On top of the federal stimulus money, Gov. Greg Abbott and state lawmakers agreed to reimburse all school districts for up to 75% of their pandemic-related expenses to date, using money from a federal grant awarded to Abbott’s office. School districts statewide have spent about $392 million on COVID-19 expenses.

School districts in Texas are funded based on student attendance, meaning the statewide school closures could have been a major financial hit. “With school closed to in-person attendance for nearly a third of the school year, generating the remainder of that entitlement would be impossible without us stepping in and making some changes,” Morath said Thursday.

States are allowed to use the federal stimulus funding to offset budget holes. “Federal guidance explicitly authorizes it as a way for states to sustain their school finance system, as long as net state funding remains above prior years,” Morath said.

Texas school districts will be able to apply for their portion of the stimulus money in June, according to the TEA, and will have considerable flexibility spending the money on costs such as providing mental health support and buying technology for students. They can use it to cover expenses dating to March 13.

Morath warned school officials to be cautious about how they spend the money. “The economic damage from COVID-19 is substantial ... and we just don’t know what will happen in future years,” he said. “I just think it’s wise that we don’t take actions now that make future actions more painful.”

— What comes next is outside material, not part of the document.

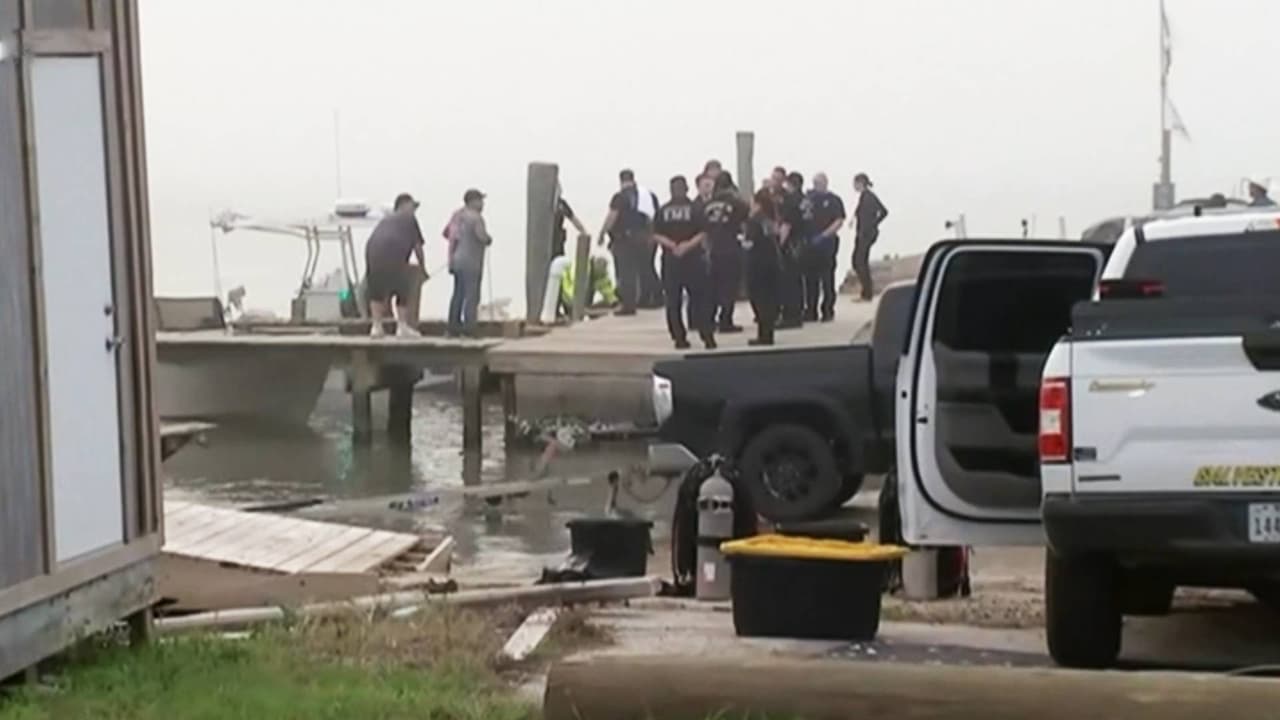 Recuperan el cuerpo de la sexta víctima mortal del accidente aéreo en Texas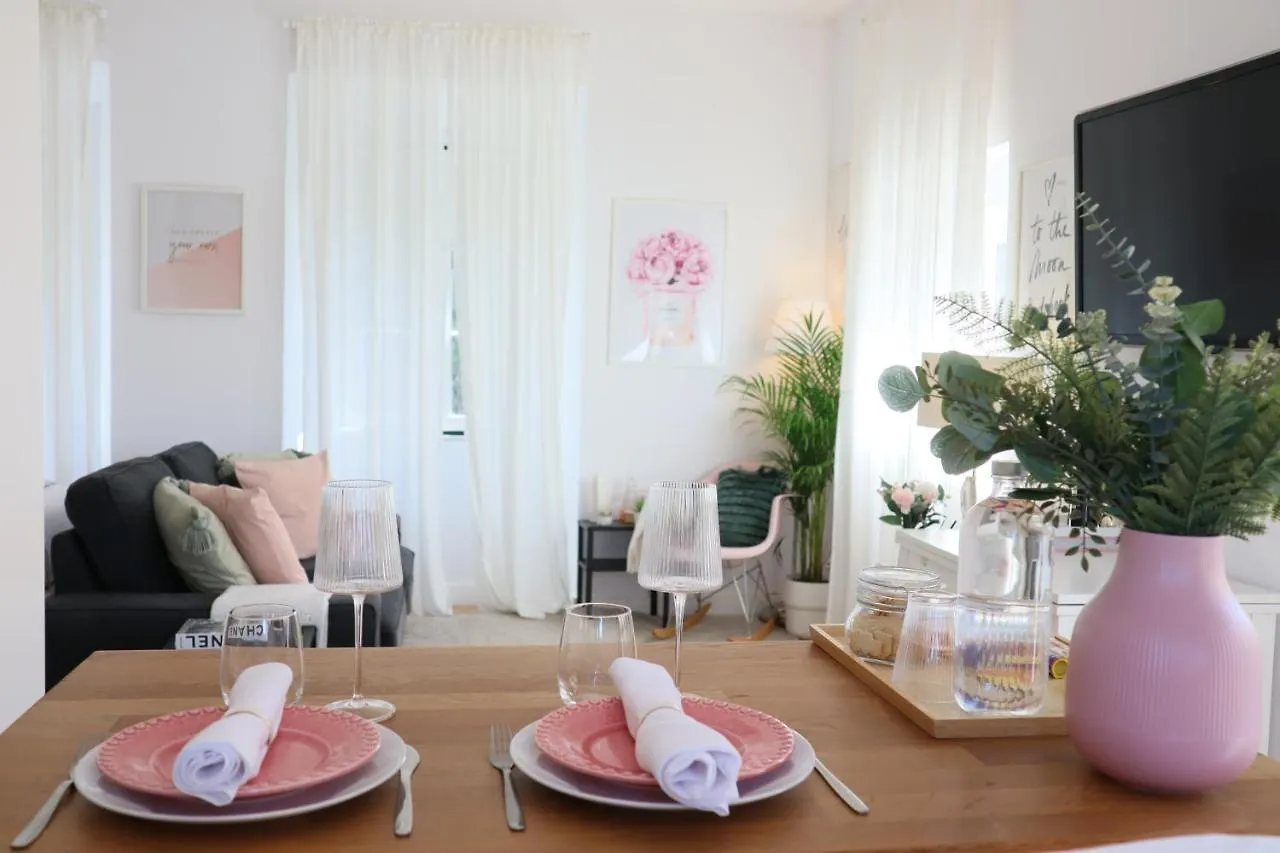 Apartment Lisbon Center Lovely Studio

Texas is requiring districts to use some of the money to offer services like tutoring and counseling to all private nonprofit schools within their boundaries, in line with recent controversial guidance from U.S. Education Secretary Betsy DeVos.

School districts receiving federal money for their poorest students have always had to use a portion to provide services for low-income students attending private schools in their boundaries. DeVos’ new guidance expands that requirement to all students attending private schools in their area, regardless of income. The TEA will send out more guidance on how this policy will work.

Schools incurred a number of unexpected expenses as fears of COVID-19 shut down school buildings and forced them to hurriedly draw up plans to teach students from afar. They bought Wi-Fi hot spots and Chromebooks to hand out and offered free meals to families, sometimes beyond what the federal government had agreed to reimburse.

Texas’ leaders mandate this week that all agencies cut 5% of their budgets explicitly excluded public schools. But the pandemic has decimated the state’s sales tax and oil revenues, concerning school officials who want to know what they should expect long term.